Peace, Love, & Egalitarianism

My Story

My life began the day two towers were struck by two planes and my country was forced to reckon with unimaginable loss. My tears fell on silent ears that day, and God gave me life in the new world that came after.

 

As a young artist, I was always in tune with the sounds around me. The nature that surrounded me grounded me from a young age, and my grandmother’s piano rang warmly through my childhood. She showed me how to paint and taught me a thing or two on the keys.

 

My best friend as a kid was the son of two Mexican immigrants, and through them, I was introduced to a culture deeper than my own for the first time—new activities, new food, new art, and new music entered my life. I learned drums and rhythm at that age.

As I entered my preteens, I found myself at Future Shock, my local skate shop. It was here where I discovered metal music, old-school hardcore punk, and the skateboarding culture that breathes life into so many visceral art forms.

 

I left god behind me around that age and I picked up a guitar to learn the basics of soloing and scales. Eventually, I started writing songs with a loop pedal, sketching album designs, and recording rough demos. I learned to create compelling songs with just a loop, layering, and basic songwriting skills on my own.

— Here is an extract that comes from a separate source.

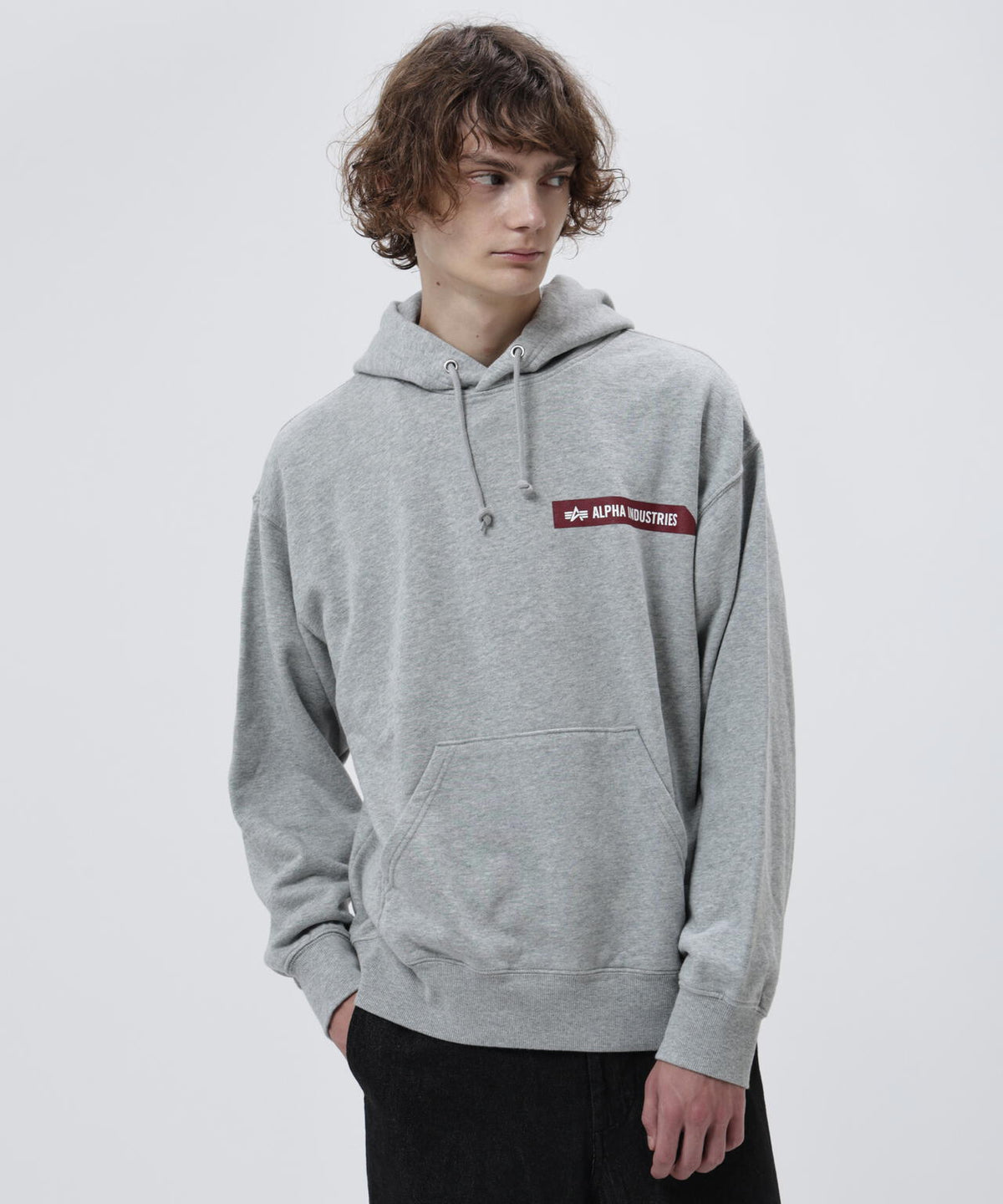 ALPHA RED RIBBON HOODIE / アルファ レッド リボン フーディー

In college, I immersed myself in shoegaze and hardcore punk. Alongside my co-organizers, I helped build a house venue in Boulder, called Blue House that became a rare haven for queer folk, where music was the central focus, and entry was always affordable. We cultivated a community that played a pivotal role in Denver’s hardcore boom during that time. However, hardcore punk eventually revealed itself to be as toxic as its dance moves.

 

Despite this, I spent most of my free time at gigs or playing with my bands while grinding through school. Tight budgets pushed me to be resourceful, but I maintained a strong presence in Denver’s underground scene. Through my audience and connections, I found my way into many other corners of the Front Range creative community, where I encountered the innovative, boundary-pushing shows put on by Faith Changes the World & House of Dead. Their ethos, energy, wisdom, open mindedness, and passion reignited my passion for what I first fell in love with as an adolescent: EDM.

Since then, I’ve immersed myself in DJ culture, studying its history, practicing techniques, and listening to endless hours of mixes and records. I’ve learned through self-discipline, showing out for my friends, digging crates, and burying myself deep into the sounds that move me to craft a unique palette and style with my music and DJing.

 

In 2025, I moved to Los Angeles—a fresh face, with new faith in a city reeling from recent climate devastation. Here, I feel God’s presence guiding me. This city’s light is leading me toward where I’m needed, and I’m ready to step into this next chapter.

Thank You for Joining Me, together we will be the change we must see in the world.

Meet 'PUCK'

My Bridge

My bridge—the place I’ve always found the most comfort in, my home and sanctuary. Its waters are luscious, its rapids golden. The rocks guide the water as rips through it's vast canyon. Moving as if three winters had melted off the mountains all at once. The wood holding the bridge together is rugged—smooth and soft in places, but beaten down where determined hands gripped it with little care on their way into the woods. The aged planks will dig into your skin if you’re not careful—I would know; my skin still carries the tattered scars it left on me. But this bridge is strong and ancient, older than my time, and I can’t imagine a world where I can no longer cross it—or worse, that the next kid from my town who stumbles upon it next will have no way to cross it.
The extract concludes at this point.